# [Data for processing]
-.-.-
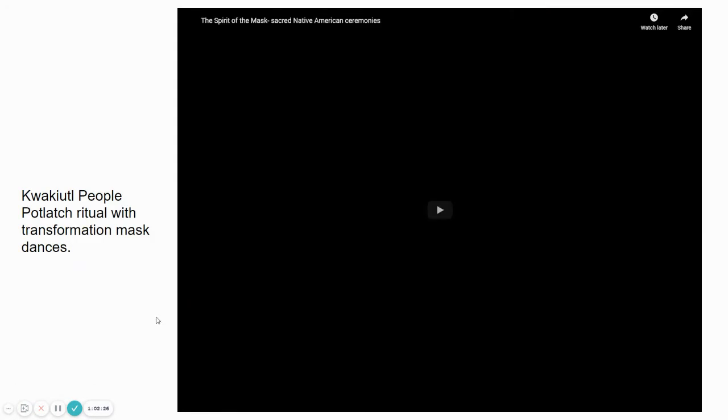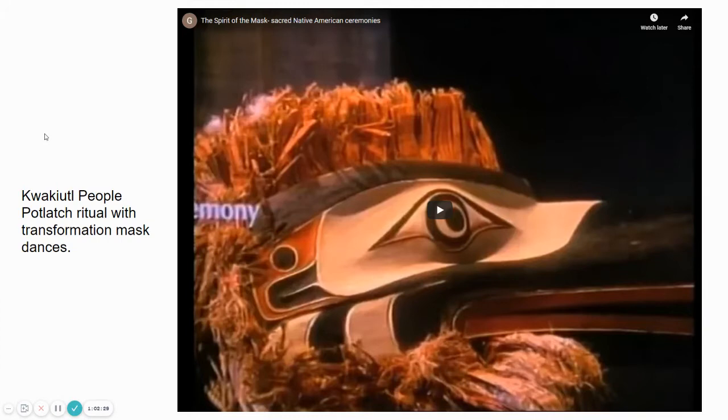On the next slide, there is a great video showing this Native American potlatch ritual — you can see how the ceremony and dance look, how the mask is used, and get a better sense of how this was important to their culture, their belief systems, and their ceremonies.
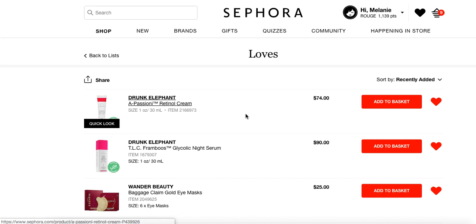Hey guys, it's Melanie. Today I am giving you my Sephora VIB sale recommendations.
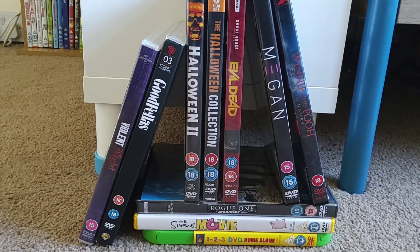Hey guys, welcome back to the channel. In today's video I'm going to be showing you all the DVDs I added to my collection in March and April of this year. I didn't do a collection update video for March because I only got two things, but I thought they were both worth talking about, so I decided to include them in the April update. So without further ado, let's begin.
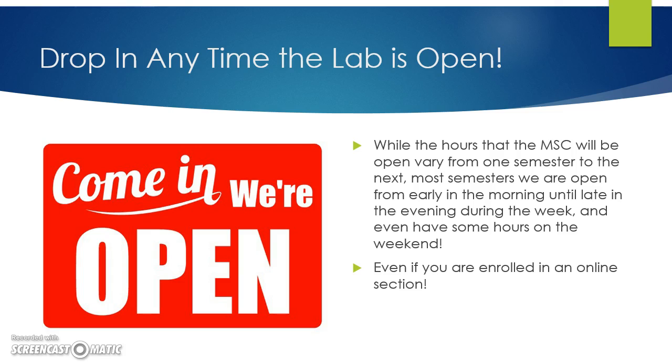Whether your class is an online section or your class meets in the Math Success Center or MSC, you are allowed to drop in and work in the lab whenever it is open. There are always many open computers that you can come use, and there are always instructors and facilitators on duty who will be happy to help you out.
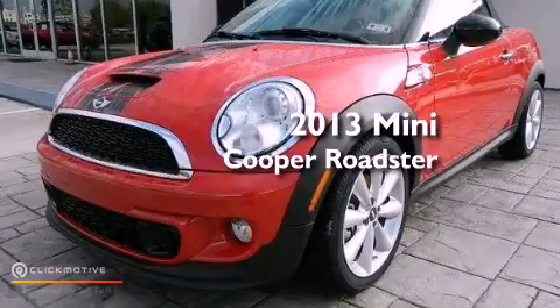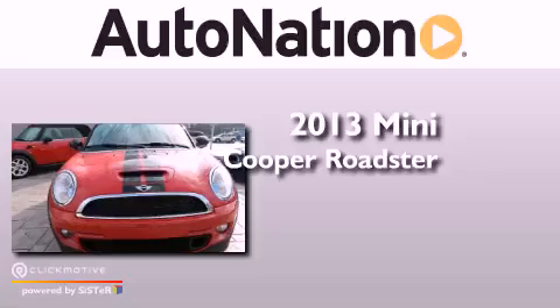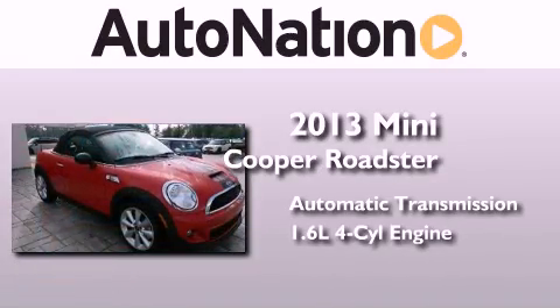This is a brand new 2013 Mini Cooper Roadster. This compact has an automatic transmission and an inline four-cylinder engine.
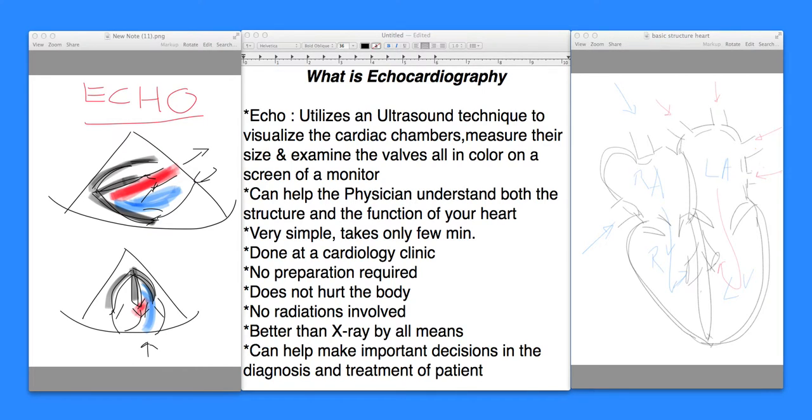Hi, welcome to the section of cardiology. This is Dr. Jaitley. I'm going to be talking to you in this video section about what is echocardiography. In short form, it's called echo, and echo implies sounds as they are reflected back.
-.-.-
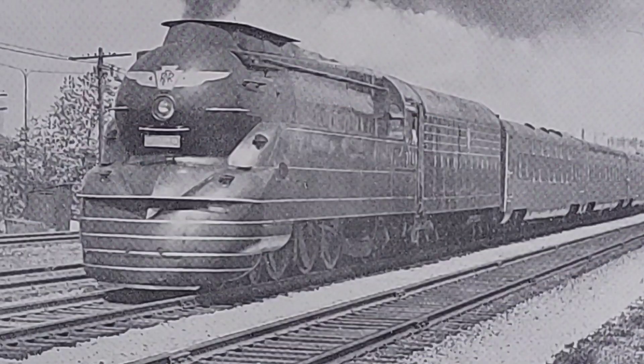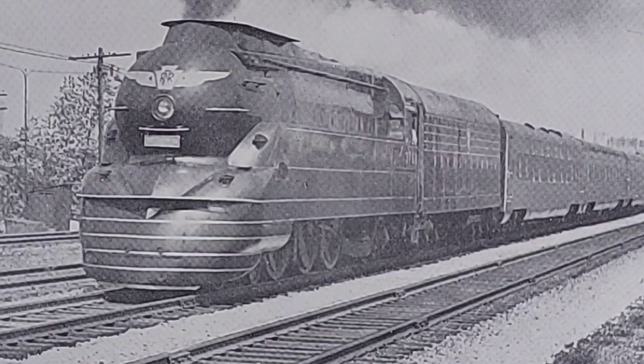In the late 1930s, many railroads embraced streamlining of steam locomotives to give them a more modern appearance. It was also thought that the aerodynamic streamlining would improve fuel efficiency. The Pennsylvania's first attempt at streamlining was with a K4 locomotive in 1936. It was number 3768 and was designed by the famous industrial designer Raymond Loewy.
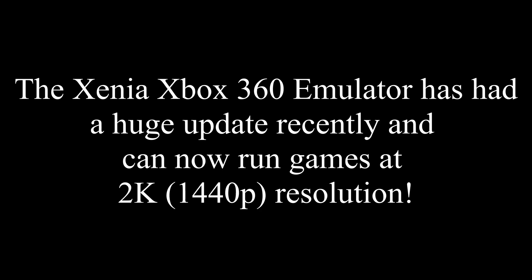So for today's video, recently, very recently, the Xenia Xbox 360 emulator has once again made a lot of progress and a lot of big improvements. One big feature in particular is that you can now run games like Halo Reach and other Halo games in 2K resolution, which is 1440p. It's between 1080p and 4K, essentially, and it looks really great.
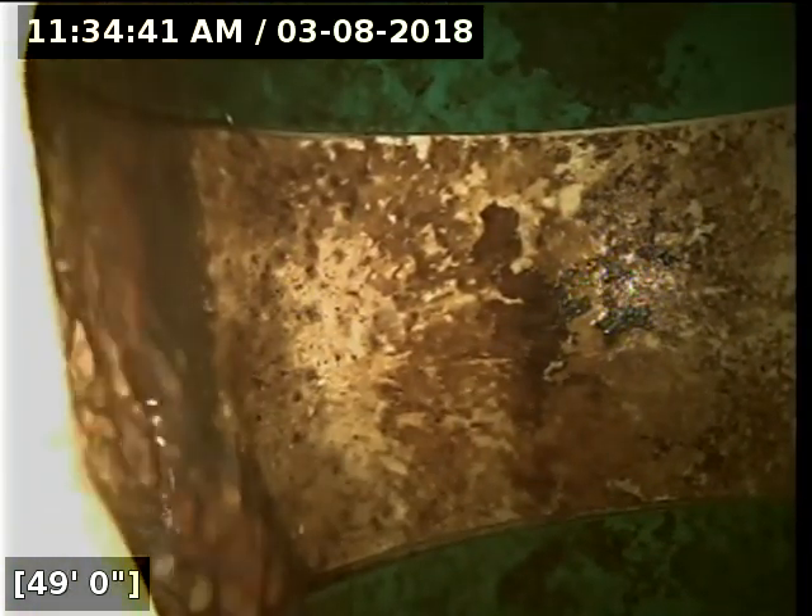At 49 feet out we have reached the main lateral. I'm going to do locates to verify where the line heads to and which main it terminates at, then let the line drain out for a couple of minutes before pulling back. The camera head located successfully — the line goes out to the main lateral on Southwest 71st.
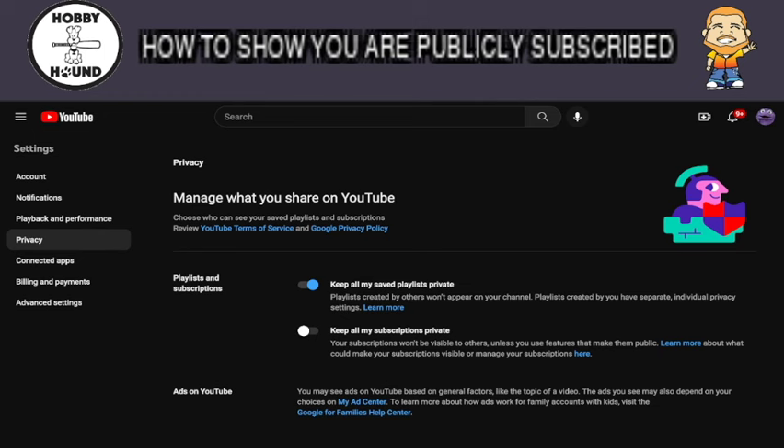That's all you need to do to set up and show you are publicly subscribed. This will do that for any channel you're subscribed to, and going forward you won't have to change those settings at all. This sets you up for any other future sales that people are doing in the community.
-.-.-
# [What you will do]
Having found the line with "On the next" and the line with "Hey guys, it's" in the material above, write out exactly those two and every line between, leaving the pictures out.

# [Response area]
On the next slide, there is a great video showing this Native American potlatch ritual — you can see how the ceremony and dance look, how the mask is used, and get a better sense of how this was important to their culture, their belief systems, and their ceremonies.
Hey guys, it's Melanie. Today I am giving you my Sephora VIB sale recommendations.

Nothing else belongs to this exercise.